- EXERCISE GOAL
Your task is to reproduce the listing exactly, without its images.

- THE RECORDS
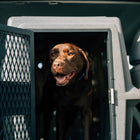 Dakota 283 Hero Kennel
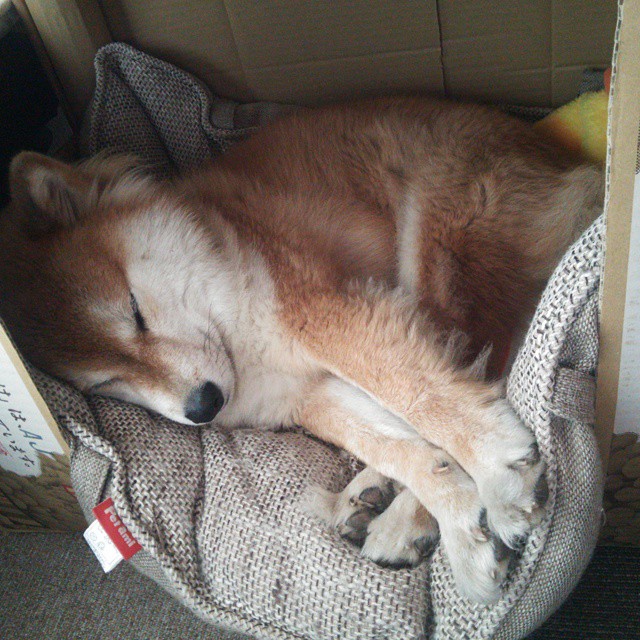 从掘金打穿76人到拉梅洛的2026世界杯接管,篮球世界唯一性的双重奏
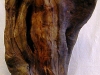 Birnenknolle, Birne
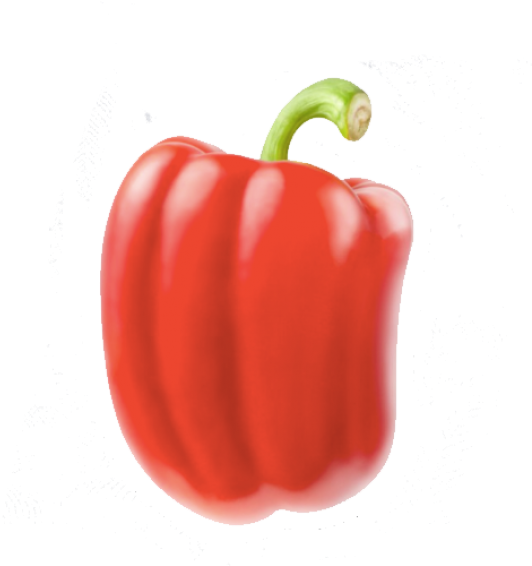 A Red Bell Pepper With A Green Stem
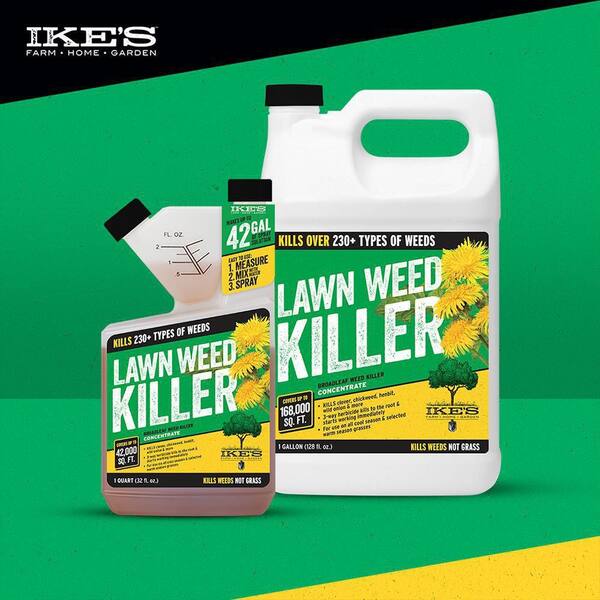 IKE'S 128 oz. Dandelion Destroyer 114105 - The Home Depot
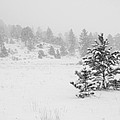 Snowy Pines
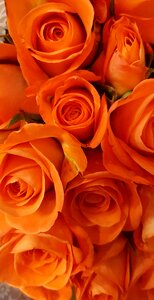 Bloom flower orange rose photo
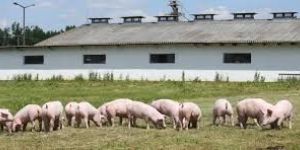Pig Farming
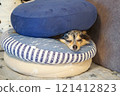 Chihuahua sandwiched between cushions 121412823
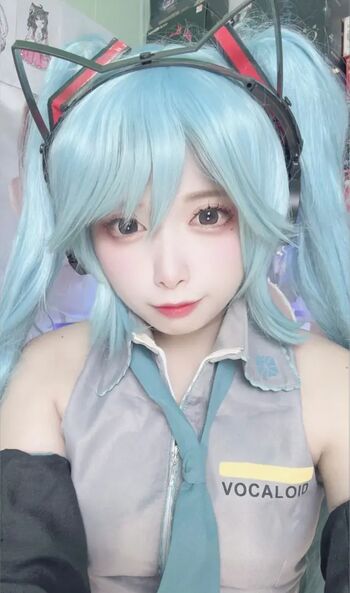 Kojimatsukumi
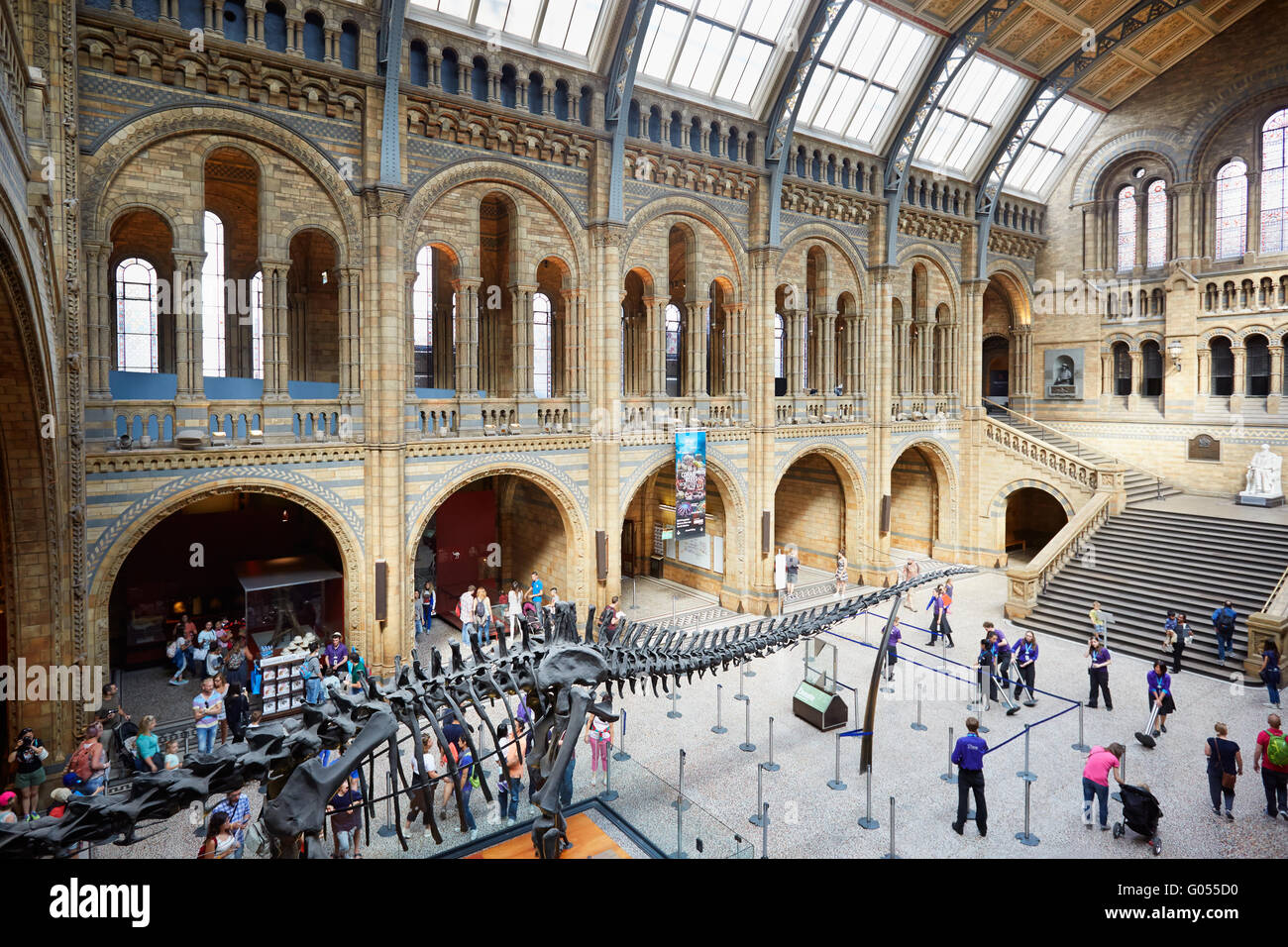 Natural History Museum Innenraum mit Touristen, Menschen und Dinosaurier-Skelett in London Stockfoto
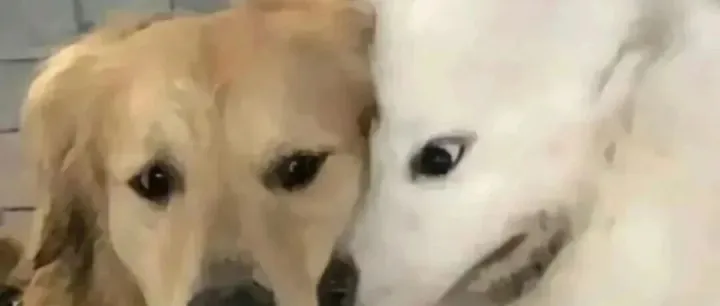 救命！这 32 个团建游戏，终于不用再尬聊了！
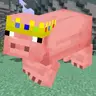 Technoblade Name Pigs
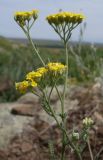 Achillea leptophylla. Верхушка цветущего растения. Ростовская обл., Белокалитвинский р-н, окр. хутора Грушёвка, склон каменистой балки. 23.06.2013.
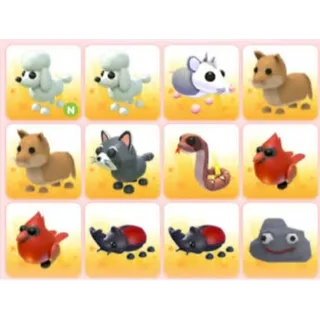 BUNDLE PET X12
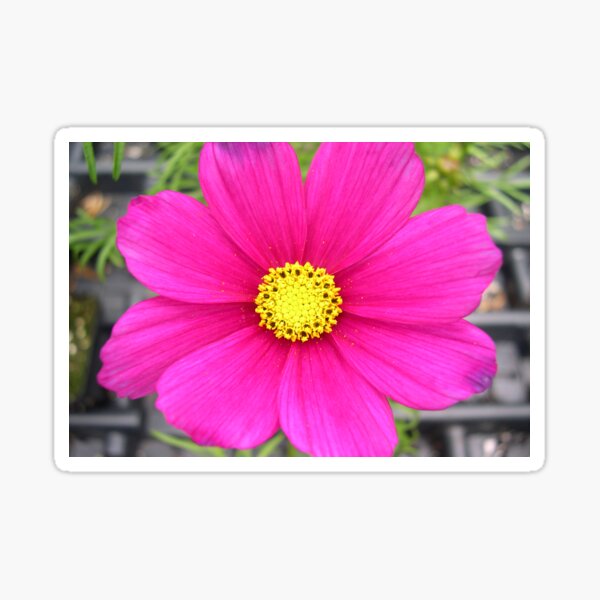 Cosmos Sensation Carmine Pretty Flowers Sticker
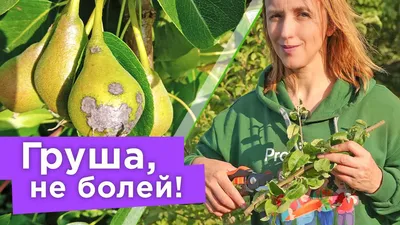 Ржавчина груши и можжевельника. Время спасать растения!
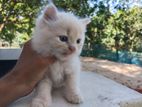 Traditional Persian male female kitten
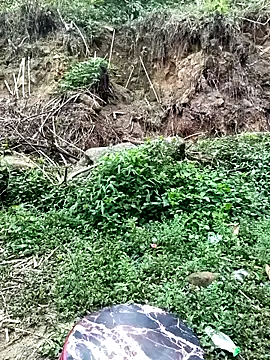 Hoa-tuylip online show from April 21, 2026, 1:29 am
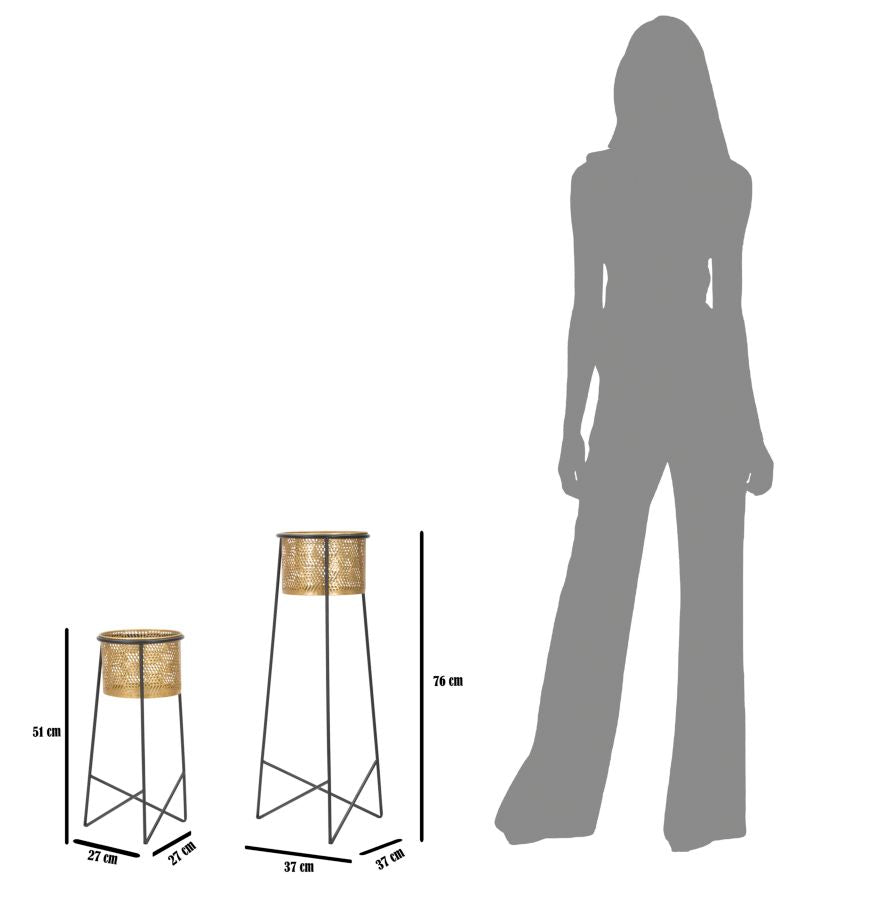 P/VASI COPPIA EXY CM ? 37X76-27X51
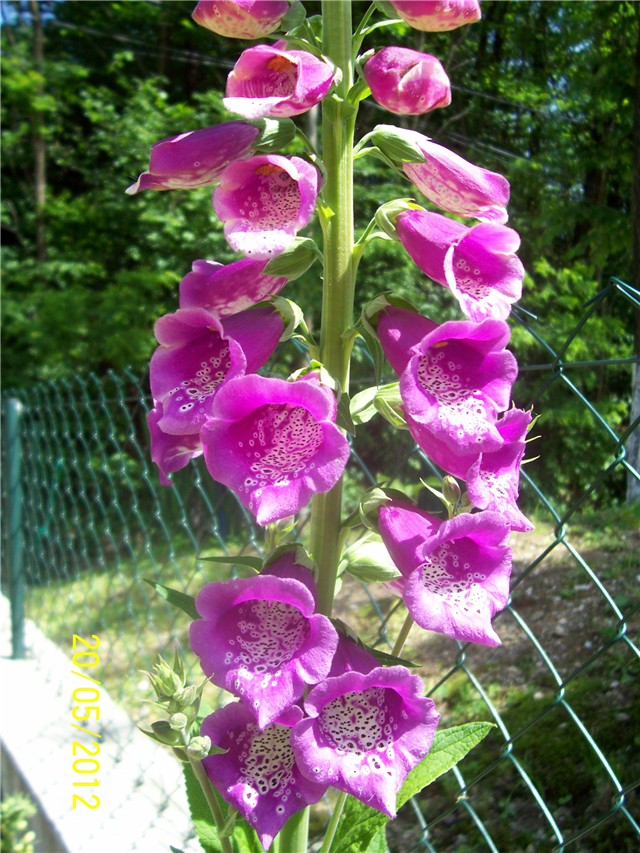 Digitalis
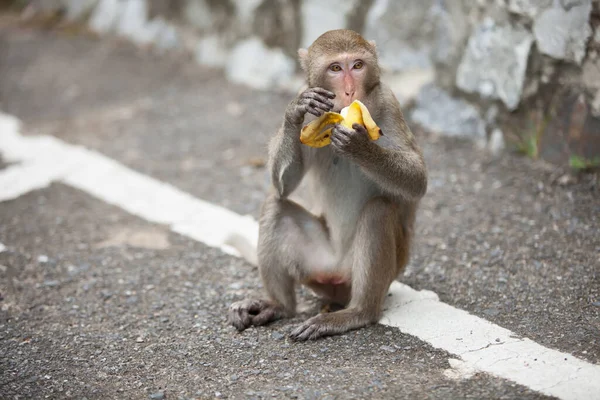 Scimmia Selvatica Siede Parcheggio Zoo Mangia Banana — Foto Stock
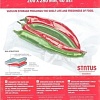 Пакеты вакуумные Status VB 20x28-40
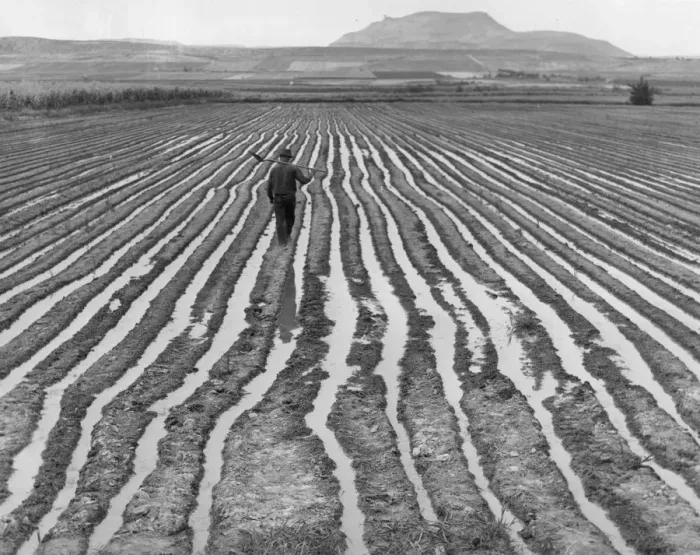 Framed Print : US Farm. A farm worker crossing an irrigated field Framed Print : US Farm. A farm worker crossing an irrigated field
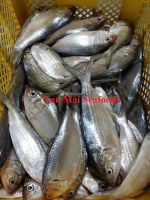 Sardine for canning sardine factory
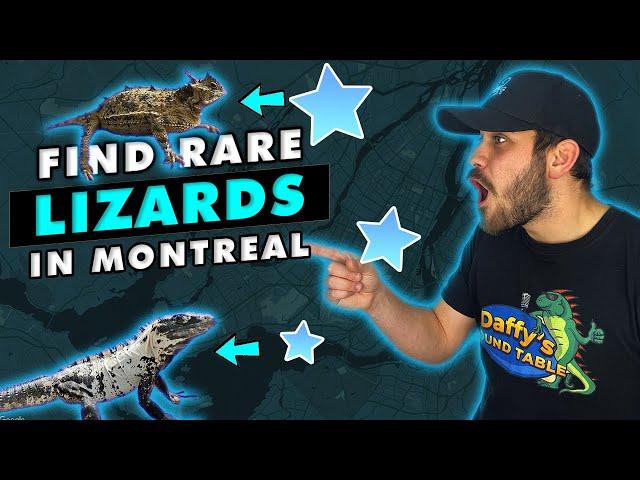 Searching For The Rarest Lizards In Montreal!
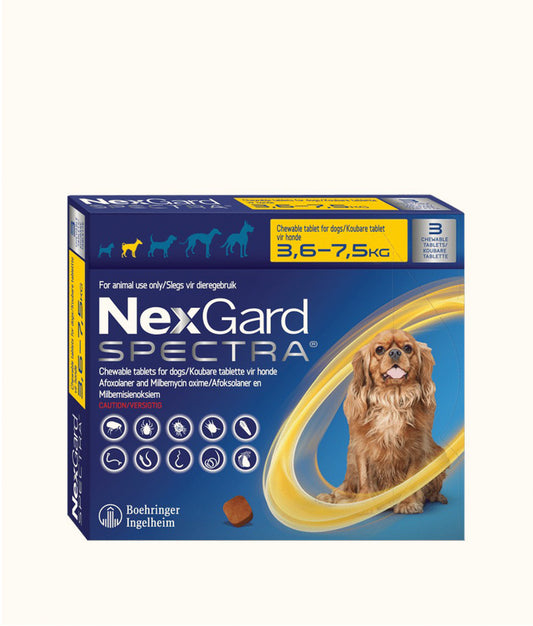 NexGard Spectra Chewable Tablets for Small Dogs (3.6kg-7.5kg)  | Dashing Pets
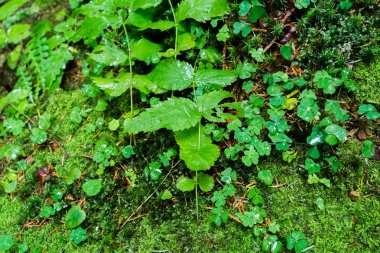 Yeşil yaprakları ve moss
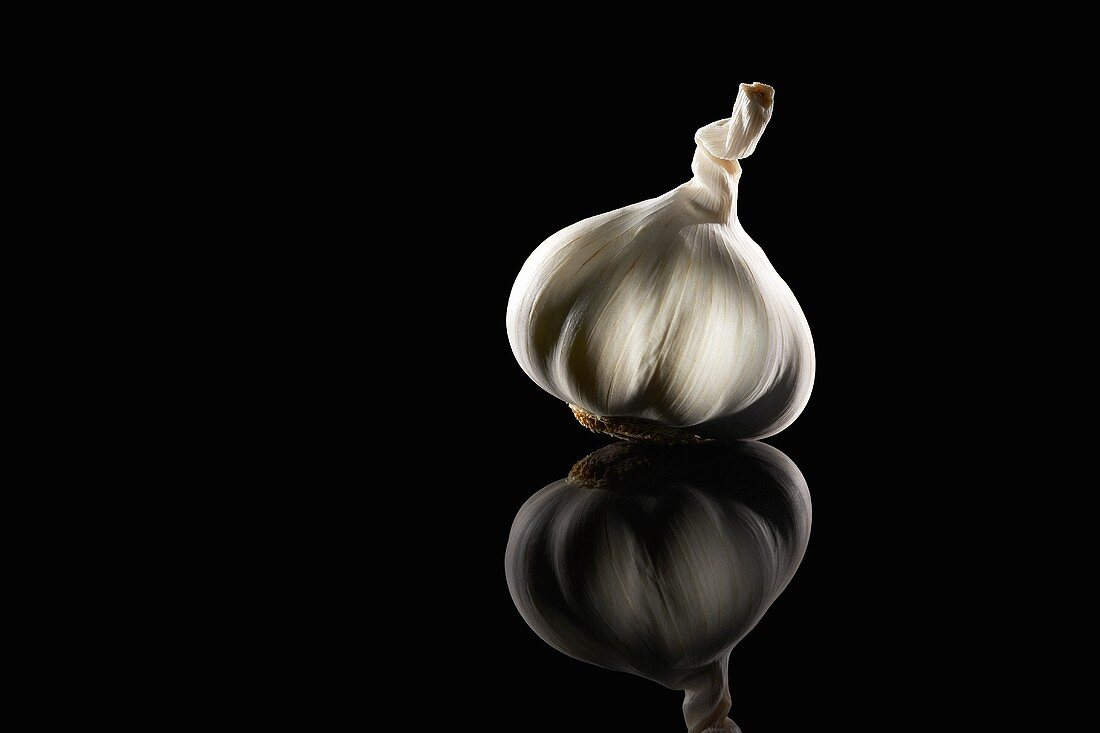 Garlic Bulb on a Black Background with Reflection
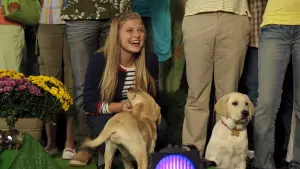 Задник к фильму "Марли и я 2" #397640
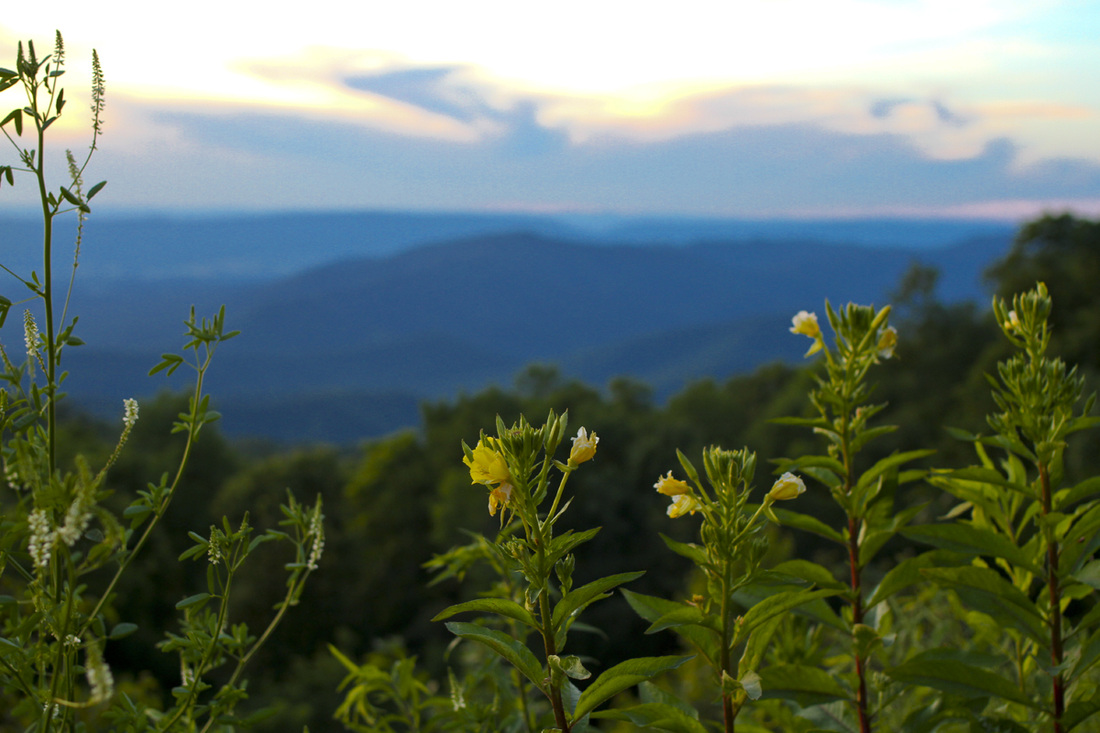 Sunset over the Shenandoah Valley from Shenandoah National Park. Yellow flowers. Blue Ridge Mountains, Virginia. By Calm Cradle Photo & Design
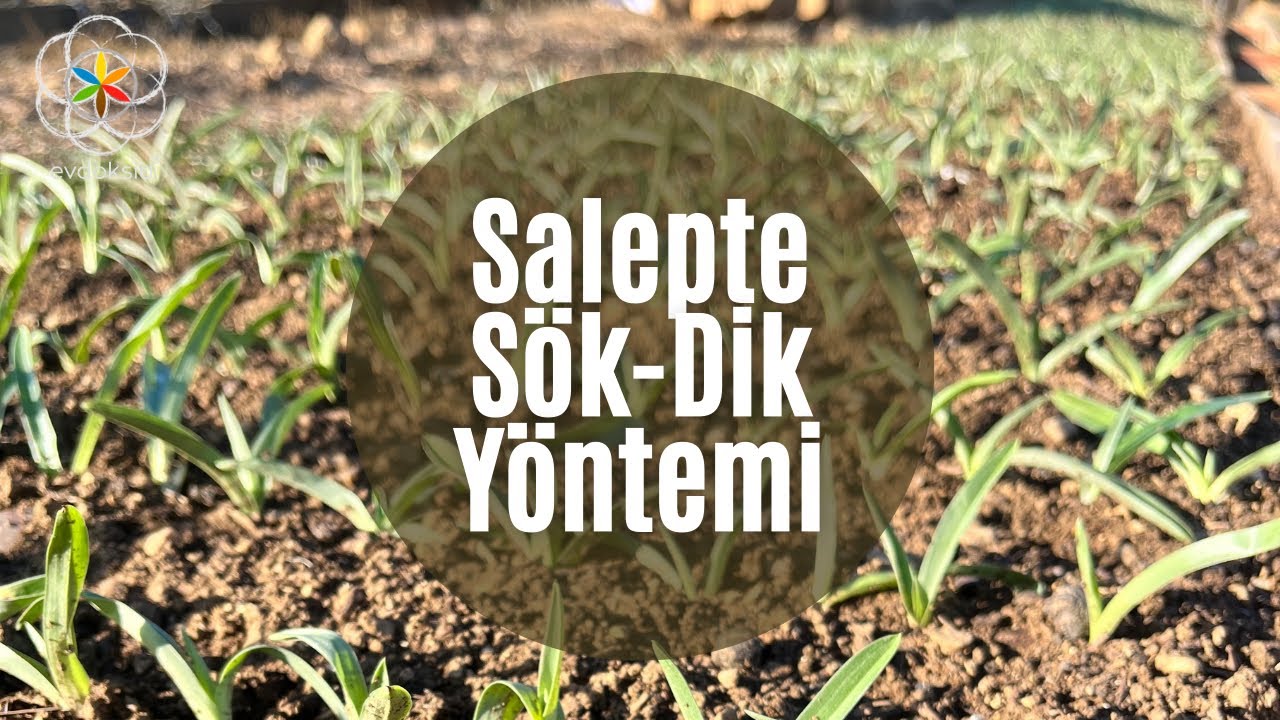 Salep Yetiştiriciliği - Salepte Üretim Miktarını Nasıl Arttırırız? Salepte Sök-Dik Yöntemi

- RESPONSE TO THIS EXERCISE
 Dakota 283 Hero Kennel
 从掘金打穿76人到拉梅洛的2026世界杯接管,篮球世界唯一性的双重奏
 Birnenknolle, Birne
 A Red Bell Pepper With A Green Stem
 IKE'S 128 oz. Dandelion Destroyer 114105 - The Home Depot
 Snowy Pines
 Bloom flower orange rose photo
Pig Farming
 Chihuahua sandwiched between cushions 121412823
 Kojimatsukumi
 Natural History Museum Innenraum mit Touristen, Menschen und Dinosaurier-Skelett in London Stockfoto
 救命！这 32 个团建游戏，终于不用再尬聊了！
 Technoblade Name Pigs
 Achillea leptophylla. Верхушка цветущего растения. Ростовская обл., Белокалитвинский р-н, окр. хутора Грушёвка, склон каменистой балки. 23.06.2013.
 BUNDLE PET X12
 Cosmos Sensation Carmine Pretty Flowers Sticker
 Ржавчина груши и можжевельника. Время спасать растения!
 Traditional Persian male female kitten
 Hoa-tuylip online show from April 21, 2026, 1:29 am
 P/VASI COPPIA EXY CM ? 37X76-27X51
 Digitalis
 Scimmia Selvatica Siede Parcheggio Zoo Mangia Banana — Foto Stock
 Пакеты вакуумные Status VB 20x28-40
 Framed Print : US Farm. A farm worker crossing an irrigated field Framed Print : US Farm. A farm worker crossing an irrigated field
 Sardine for canning sardine factory
 Searching For The Rarest Lizards In Montreal!
 NexGard Spectra Chewable Tablets for Small Dogs (3.6kg-7.5kg)  | Dashing Pets
 Yeşil yaprakları ve moss
 Garlic Bulb on a Black Background with Reflection
 Задник к фильму "Марли и я 2" #397640
 Sunset over the Shenandoah Valley from Shenandoah National Park. Yellow flowers. Blue Ridge Mountains, Virginia. By Calm Cradle Photo & Design
 Salep Yetiştiriciliği - Salepte Üretim Miktarını Nasıl Arttırırız? Salepte Sök-Dik Yöntemi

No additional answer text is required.